I have a hypothesis on why private cloud is such a struggle:
Corporations are culturally ingrained not to accept loss of control and unpredictability in expenses, and their adoption of private cloud flies right under the foot of that cultural bias.
Let me explain:
A huge portion of the saleable use cases for private cloud are all about dev/test, which is inherently unpredictable. The solution that most enterprises use is to encyst that unpredictabilty down at the developer team level. The typical corporate pattern is to purchase up hardware for themselves, depreciate it out over the requisite years, and repurpose the hell out of it (or slice it up into virtual environments).
When an IT organization tries to provide a cloud service, the first thing they come out with is “here’s the costs for hosting this”, and “what’s the cost center you want to sign up for your account”? They’re a cost center too, so they sum up all the costs, maybe subsidize it a little, and pass it along. Even though a private cloud may be far cheaper for the overall corporation, the act of passing along that variable cost is the equivalent of tossing a hot potato into the budget cycle.
All of a sudden, the director of the development team using this service gets the hot potato of variable costs, and depending on how the IT organization is managing the funny money, it could easily be quite a bit higher than the cost of those depreciated desktops behind Larry’s desk, or the smallish investment of a VMware cluster for the dev team to utilize from a wiring closet.
The historical baggage that IT has to provide 100% reliable services just acerbates this problem. It means that corporate private clouds are under a tremendous amount of scrutiny for uptime, in many cases far more so than any public cloud. Making anything more reliable costs more-than-incrementally more money, and that in turn gets passed forward, making the variable costs even more extreme in potential volatility.
Developers are (slowly) getting culturally ingrained to deal with failures in their programming and creation of distributed systems, but corporate managers and directors certainly are not. Organizationally there’s little to no tolerance – and few corporations have sufficient scale to run the same concept of actual availability zones internally.
But most of all, there’s an alergic reaction to the variability of the cost, and often as not a director locks down control to the IT resources provided, even with a private cloud. And suddenly you’re back to the delays of sending emails, asking for permission, and waiting for someone to pull the trigger to get you even a small virtual machine.
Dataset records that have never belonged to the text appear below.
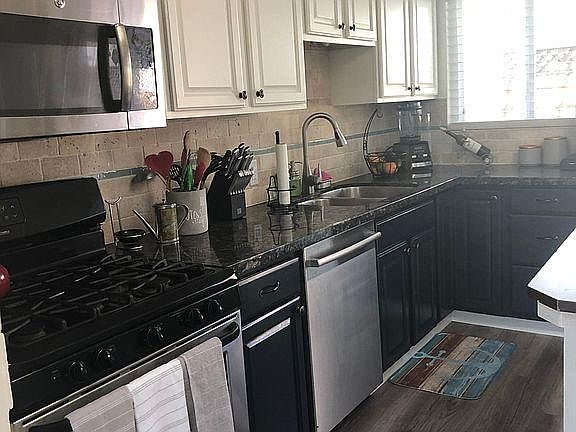 2nd image of 46902 Lotus St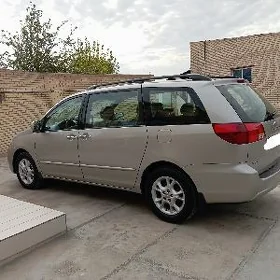 Toyota Sienna 2005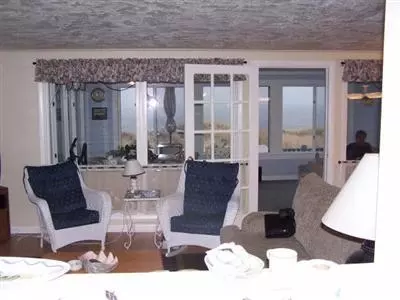93 Phillips Rd, Sagamore Beach, MA 02562 photo 13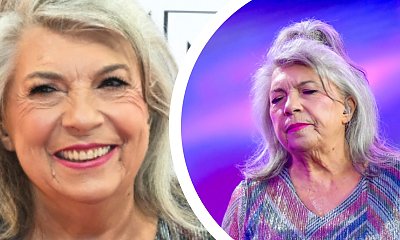 77-letnia Krystyna Prońko w młodzieżowym looku na festiwalu w Sopocie. Modne upięcie włosów odjęło jej lat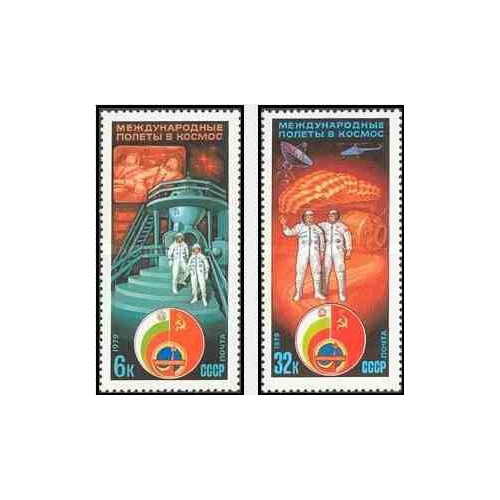2 عدد تمبر پرواز فضائی شوروی و بلغار - شوروی 1979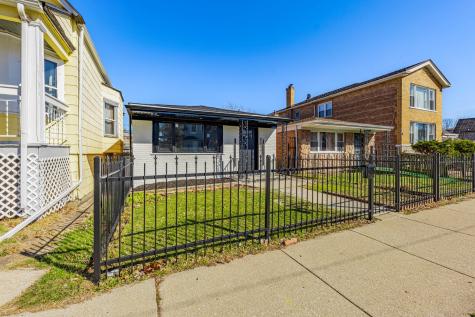 8051 South Escanaba Avenue Chicago IL 60617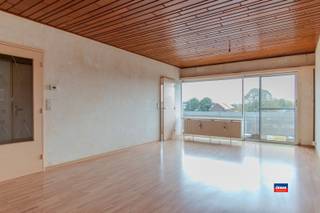 <p><span>HOBOKEN | APPARTEMENT À RÉNOVER AVEC DEUX CHAMBRES ET UNE TERRASSE | EPC | IDÉALEMENT SITUÉ AU QUATRIÈME ÉTAGE D’UN IMMEUBLE BIEN ENTRETENU AVEC ASCENSEUR </span></p><p><span>Disposition comme suit : hall d'entrée avec porte de sécurité - WC - salle de bains avec baignoire, lavabo et WC - pièce à vivre - terrasse - cuisine fermée - couloir de nuit avec vestiaire et WC invités - deux chambres - cave privative. </span></p><p><span>Les charges communes s'élèvent à environ 100 EUR par mois. </span></p>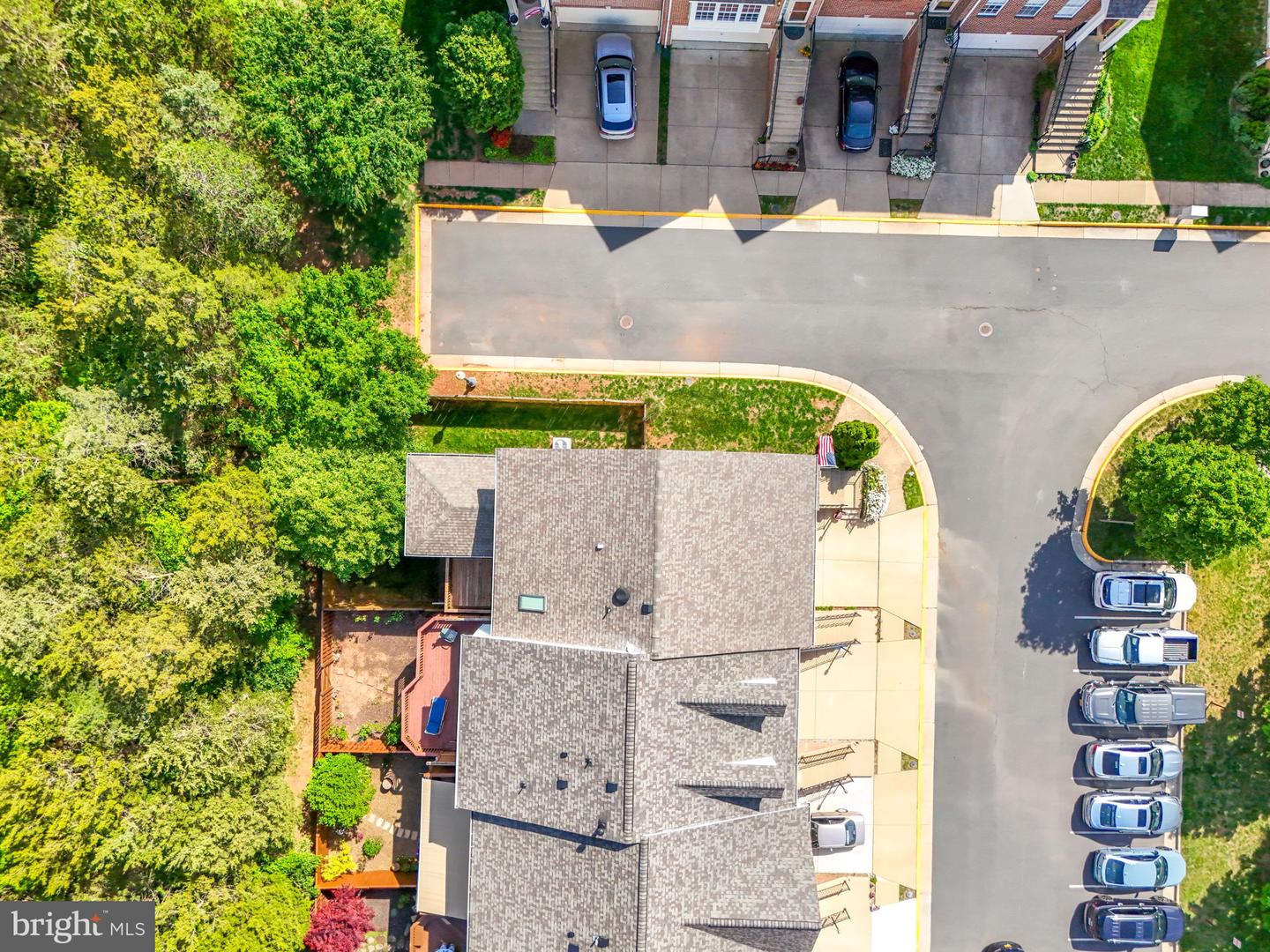 21158 ANGELA SQ, STERLING, Virginia 20166, 4 Bedrooms Bedrooms, ,3 BathroomsBathrooms,Residential,For sale,21158 ANGELA SQ,VALO2095100 MLS # VALO2095100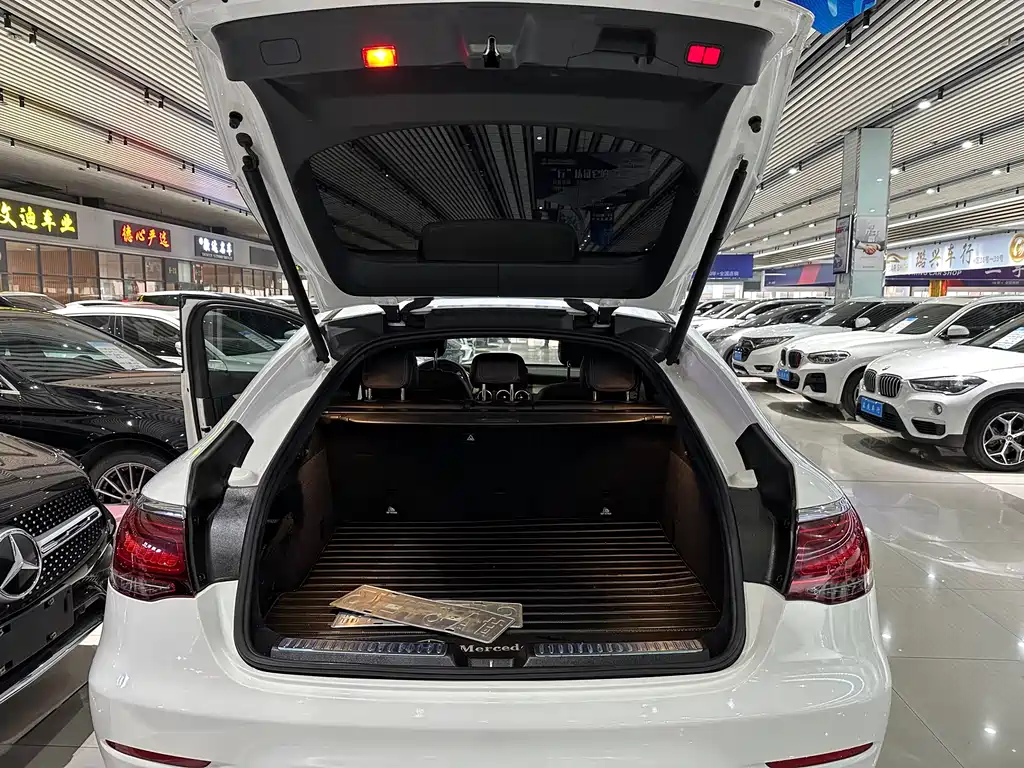 Mercedes-Benz GLC Coupe 2021 GLC 260 4MATIC Coupe SUV купить на сайте DeffCars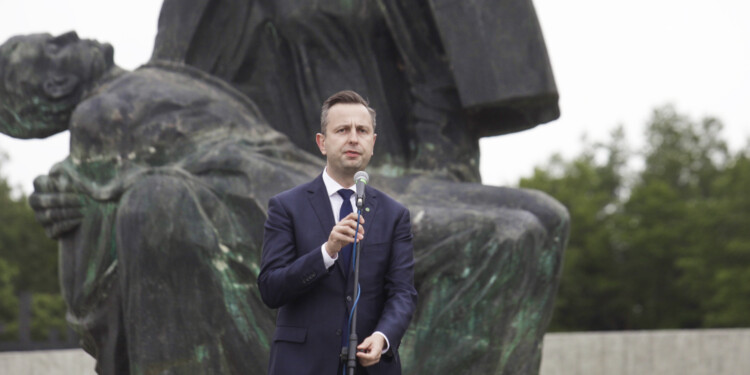 12.07.2022 Michniów. Obchody Dnia Walki i Męczeństwa Wsi Polskiej w 79. rocznicę pacyfikacji wsi Michniów. Na zdjęciu poseł Władysław Kosiniak-Kamysz - prezes PSL / Fot. Jarosław Kubalski - Radio Kielce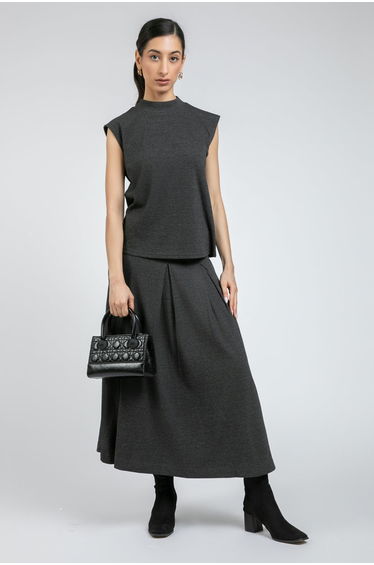 Longline Pleated Knit Skirt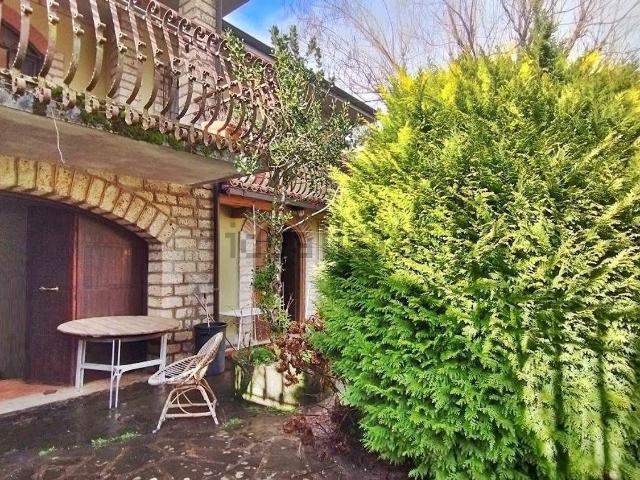 Casa in vendita a Trevi Nel Lazio, Lazio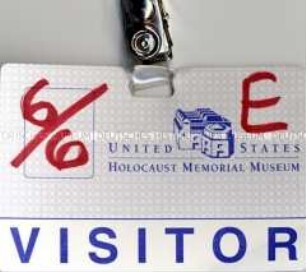 Besucherausweis (Eintrittskarte) des Holocaust Memorial Museum in Washington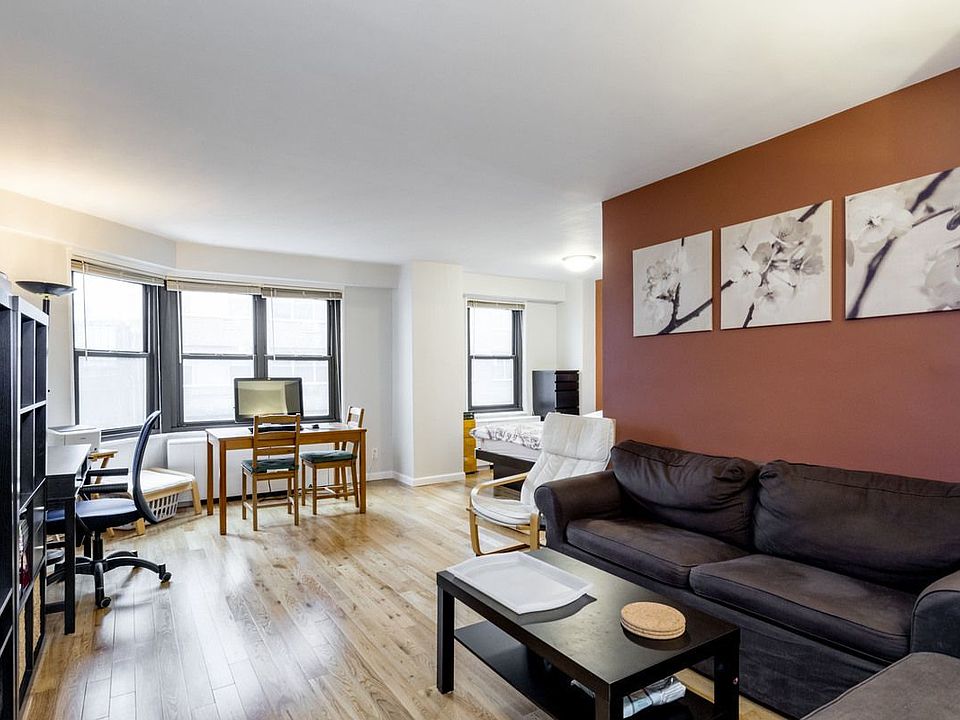 2nd image of 220 E 57th St APT 8K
Others have done a good job explaining why a wait of even a few hours for a virtual machine is untenable, but let me give it a try as well:
Developers coming in from small companies or startups, or their own experiences with development using cloud resources, are instantly frustrated that they can’t get the resources they need, when they need it. It’s gone beyond the issues of a matter of convenience, but to efficiency.
Most, even simple, enterprise applications are distributed systems. They have been for ages, we just preferred to call them “client server”, “three tier”, or later “n-tier” during their times in the 90’s and 2000’s prior to really having cloud capabilities. The truth is as you scale those applications up, they’re more of what you expect to hear of as full on distributed systems, and as you add capabilities integrating with other services (an example may be local corporate authentication, logging services, and application metrics collection) you’re into full-bore distributed systems, perhaps even using modern SaaS for some of the components of that system, with complex dependencies and all the fun that comes with it.
The implicit goal the developer has is to have an entire working copy of all the moving parts, and the capability of making changes to any one part of it, while keeping the rest static. Being able to reset that environment – wipe it all away and build it up again – provides a tremendous amount of development efficiency, and many good developers do this as a hedge against the creep of making “just one more change”, and missing the implications. The world of continuous integration, and continuous deployment, does exactly this. The build systems are being advanced to build up the scripts to destroy and rebuild the environment, and ideally can run multiple of these environments side by side. You’re not at the point where you want to spin up, and destroy, these resources with every developer’s commit. Asking for even a hour “wait” for permission in these cases is just completely ludicrous.
The developer response to this has been to leverage the resources they always have at hand, and are under THEIR control, to get what they need done. Vagrant and virtualbox for virtual machines, and then into the world of Docker with boot2docker, or vagrant-coreos and fleet to create the world of a half-dozen to two dozen small services all interacting with each other. And it’s doable on their laptops, or a developer can cobble a pretty decent sized container cluster from the depreciated desktops behind larry’s desk, and best of all – the developers can have their own playground, set it up and destroy it based on their own development needs.